If it is more than 10,000, the fluidity is greatly reduced, which is outside the scope of the present invention.

In the anionic polymerization, the molecular weight is usually adjusted by adjusting the amount of organolithium used as a catalyst with respect to the amount of charged monomers, but the branched polymer of the present invention causes the molecular weight to jump depending on the number of branches by the coupling reaction. In the case of the present invention, the weight average molecular weight (Mw) of the branched polymer component after the coupling reaction is in the range of 120,000 to 600,000. It is more preferably 150,000 to 500,000, and even more preferably 150,000 to 400,000. If the weight average molecular weight of the branched polymer is lower than 120,000, the molecular weight becomes too low and the mechanical strength becomes insufficient.
On the other hand, when it exceeds 600,000, the fluidity is largely reduced, which is outside the scope of the present invention. The preferable molecular weight distribution (weight average molecular weight Mw / number average molecular weight Mn) is 1.8 or less, preferably 1.6 or less.

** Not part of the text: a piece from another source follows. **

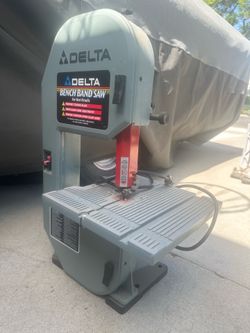 Delta 9” Benchtop Band Saw – Excellent Condition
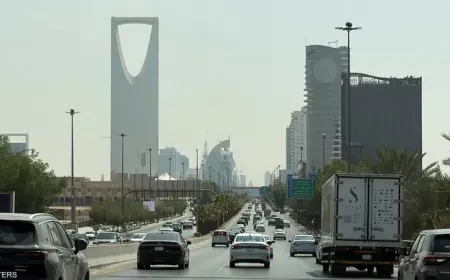 السعودية تعلن اعتراض صاروخ ومسيّرة فوق الرياض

Specifically, a method for synthesizing a star-shaped branched polymer by an anionic polymerization method will be described. An active one-terminal vinyl aromatic polymer obtained by polymerizing a vinyl aromatic monomer with an organic lithium compound in a hydrocarbon solvent. It can be obtained by subjecting the combined product to a coupling reaction with a low molecular weight polyfunctional compound. Examples of the organolithium compound of the above method include n-propyllithium, iso-propyllithium, n-butyllithium,
iso-butyllithium, sec-butyllithium, t
Examples thereof include ert-butyllithium and phenyllithium. The polyfunctional compound used in the coupling reaction is a low molecular weight compound having 3 to 8 functional groups capable of reacting with an active lithium terminal to form a bond.

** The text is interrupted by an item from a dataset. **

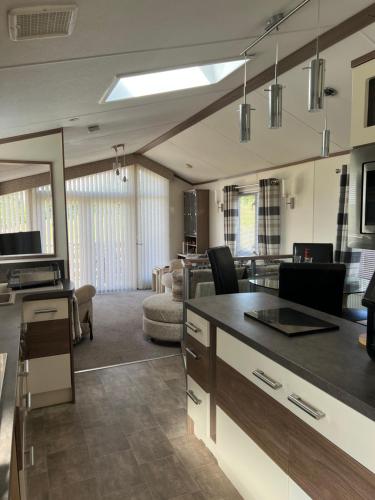 Maneight Luxury Lodge with hot tub in Камнок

Examples of these low molecular weight compounds include polyhalogen compounds, polyepoxy compounds, polycarboxylic acid ester compounds, polyketone compounds and polycarboxylic acid anhydrides. Some specific examples are silicon tetrachloride, di (trichlorosilylyl) ethane, 1,3,5-tribromobenzene, methyltrichlorotin, epoxidized soybean oil, tetraglycidyl 1,3-bisaminomethylcyclohexane. , Dimethyl oxalate, tri-2-ethylhexyl trimellitate, pyromellitic dianhydride, diethyl carbonate and the like.

In carrying out the above-mentioned anionic polymerization method,
The lithium compound is added in an amount of 0.05 to 0.5 parts by weight based on the vinyl aromatic monomer. Further, the above polyfunctional compound is added in an amount of 0.5 to 1.5 times equivalent to the amount of organolithium and reacted. The reaction proceeds very rapidly and is usually complete in minutes to tens of minutes. As a solvent for the above reaction, cyclohexane, n-hexane, benzene, toluene, ethylbenzene or the like is used. The reaction temperature for carrying out the polymerization based on the anionic polymerization method is -30 to
It is carried out in the range of 150 ° C. The polymerization time is usually several seconds to several hours, although it depends on the hydrocarbon solvent concentration and the polymerization temperature. Either a batch system or a continuous system can be applied to these reactions, but the batch system gives a narrower molecular weight distribution.

Separately from the above coupling reaction, a vinyl aromatic monomer is polymerized in a hydrocarbon solvent using an organolithium compound as an initiator, and a one-terminal active vinyl aromatic polymer present in the living room after completion of the polymerization is obtained. It is possible to synthesize a multi-branched vinyl aromatic polymer by adding a small amount of a polyfunctional vinyl aromatic monomer (for example, divinylbenzene) as an initiator and polymerizing. In this method, the ratio of the polyfunctional vinyl aromatic monomer added to the organolithium compound used as the polymerization initiator is 0.1 to 0.1 in terms of molar ratio.
It is in the range of 1.0. By this method, it is possible to synthesize a multi-branched polymer having a slightly wide molecular weight distribution, which is substantially close to a star polymer.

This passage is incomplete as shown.